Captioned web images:
= = =

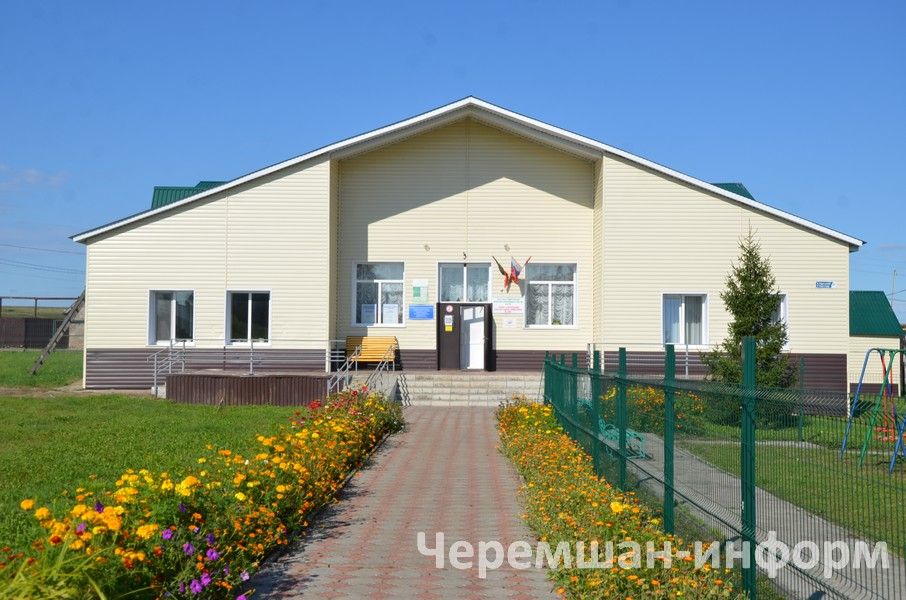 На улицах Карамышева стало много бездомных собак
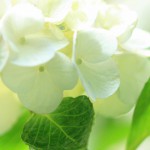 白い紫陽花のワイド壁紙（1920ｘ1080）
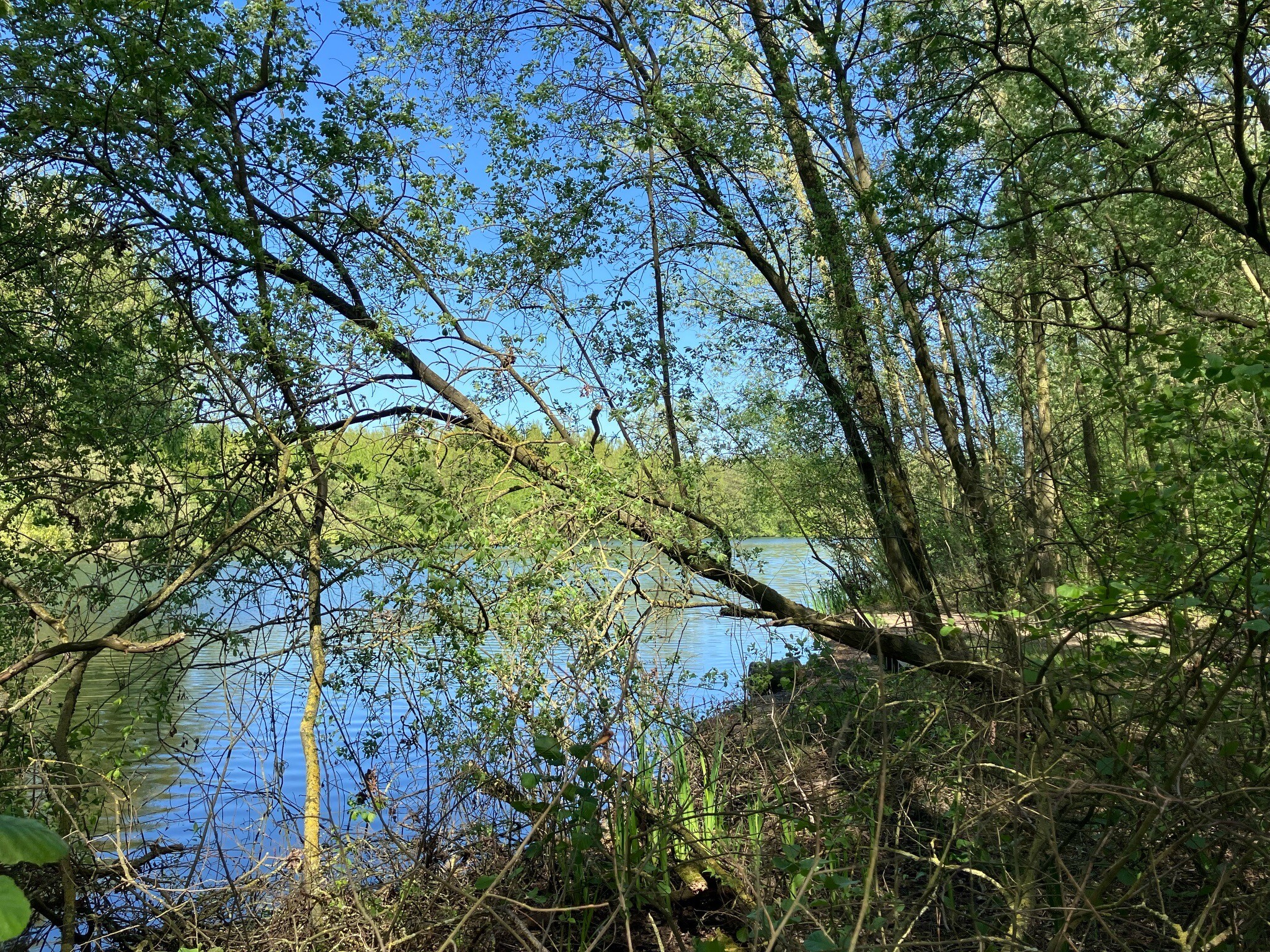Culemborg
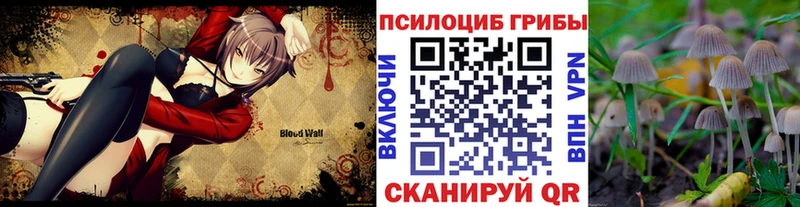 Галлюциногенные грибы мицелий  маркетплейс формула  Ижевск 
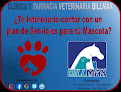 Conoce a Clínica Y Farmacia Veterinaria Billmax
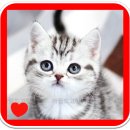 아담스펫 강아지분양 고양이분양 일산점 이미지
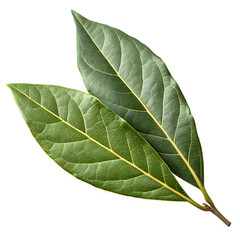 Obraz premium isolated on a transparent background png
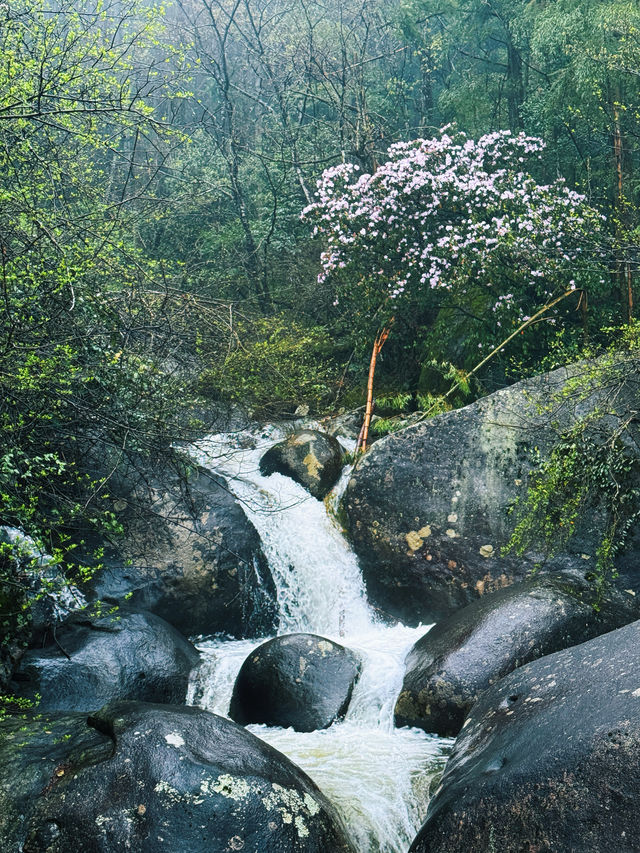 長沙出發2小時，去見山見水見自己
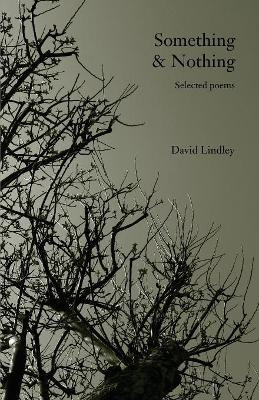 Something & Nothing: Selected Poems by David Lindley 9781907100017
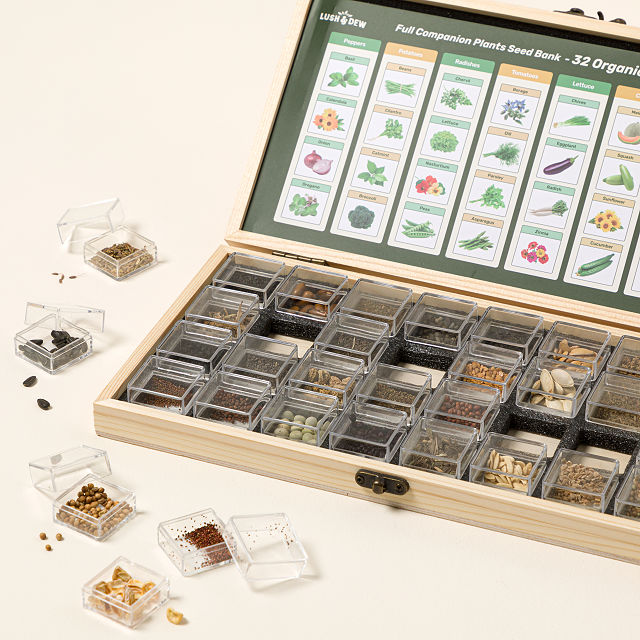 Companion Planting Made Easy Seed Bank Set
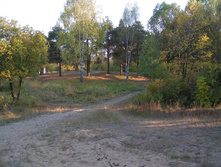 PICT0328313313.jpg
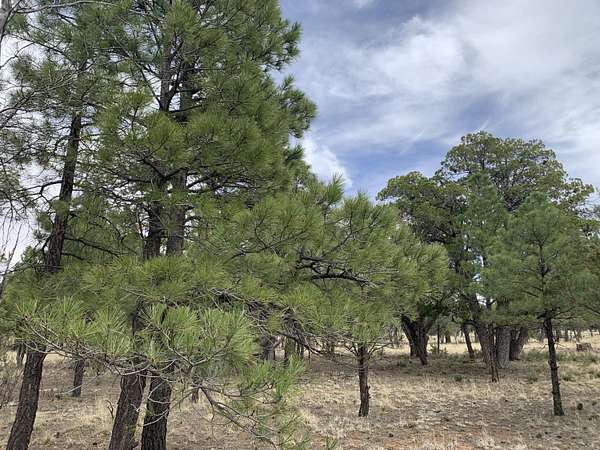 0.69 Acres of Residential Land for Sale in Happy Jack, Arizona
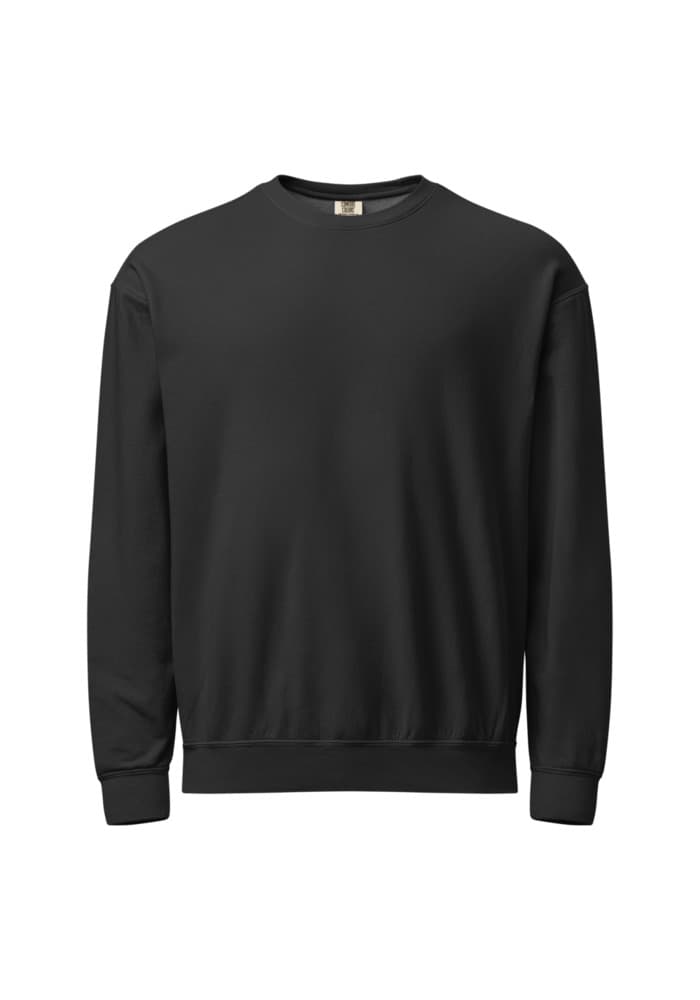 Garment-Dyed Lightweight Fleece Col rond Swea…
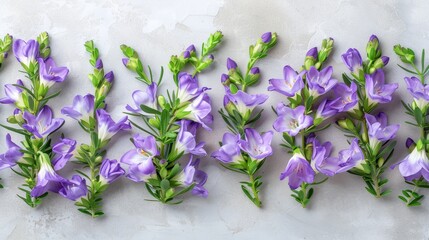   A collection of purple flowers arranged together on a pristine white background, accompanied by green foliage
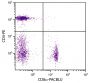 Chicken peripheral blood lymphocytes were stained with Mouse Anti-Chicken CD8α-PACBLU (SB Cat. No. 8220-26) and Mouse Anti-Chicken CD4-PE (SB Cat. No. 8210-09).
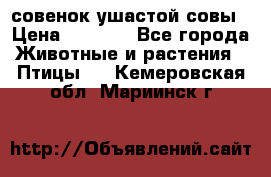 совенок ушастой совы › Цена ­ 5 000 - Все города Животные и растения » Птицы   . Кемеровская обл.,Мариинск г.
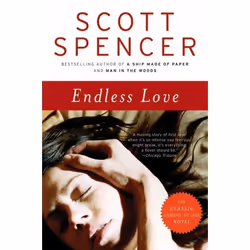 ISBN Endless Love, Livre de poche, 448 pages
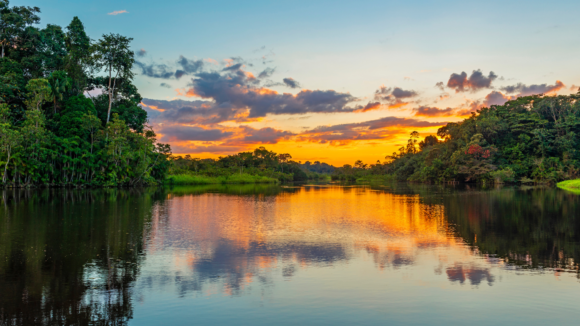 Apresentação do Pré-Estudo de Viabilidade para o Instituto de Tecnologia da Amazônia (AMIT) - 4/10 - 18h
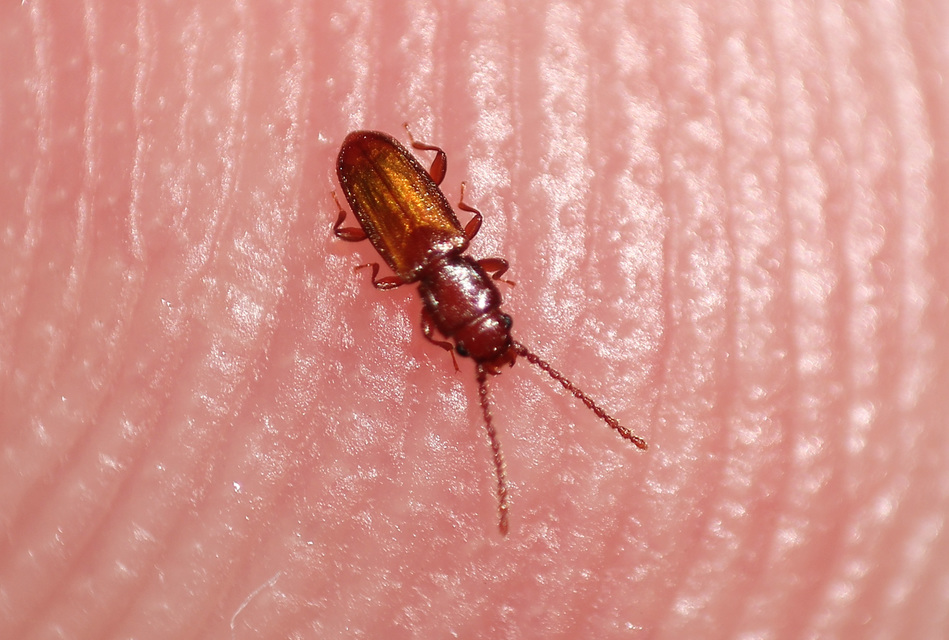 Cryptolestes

= = =

Aim of the task: In your answer, print the entries above exactly, with the pictures left out.

Answer to this exercise:
 На улицах Карамышева стало много бездомных собак
 白い紫陽花のワイド壁紙（1920ｘ1080）
Culemborg
 Галлюциногенные грибы мицелий  маркетплейс формула  Ижевск 
 Conoce a Clínica Y Farmacia Veterinaria Billmax
 아담스펫 강아지분양 고양이분양 일산점 이미지
 Obraz premium isolated on a transparent background png
 長沙出發2小時，去見山見水見自己
 Something & Nothing: Selected Poems by David Lindley 9781907100017
 Companion Planting Made Easy Seed Bank Set
 PICT0328313313.jpg
 0.69 Acres of Residential Land for Sale in Happy Jack, Arizona
 Garment-Dyed Lightweight Fleece Col rond Swea…
   A collection of purple flowers arranged together on a pristine white background, accompanied by green foliage
 Chicken peripheral blood lymphocytes were stained with Mouse Anti-Chicken CD8α-PACBLU (SB Cat. No. 8220-26) and Mouse Anti-Chicken CD4-PE (SB Cat. No. 8210-09).
 совенок ушастой совы › Цена ­ 5 000 - Все города Животные и растения » Птицы   . Кемеровская обл.,Мариинск г.
 ISBN Endless Love, Livre de poche, 448 pages
 Apresentação do Pré-Estudo de Viabilidade para o Instituto de Tecnologia da Amazônia (AMIT) - 4/10 - 18h
 Cryptolestes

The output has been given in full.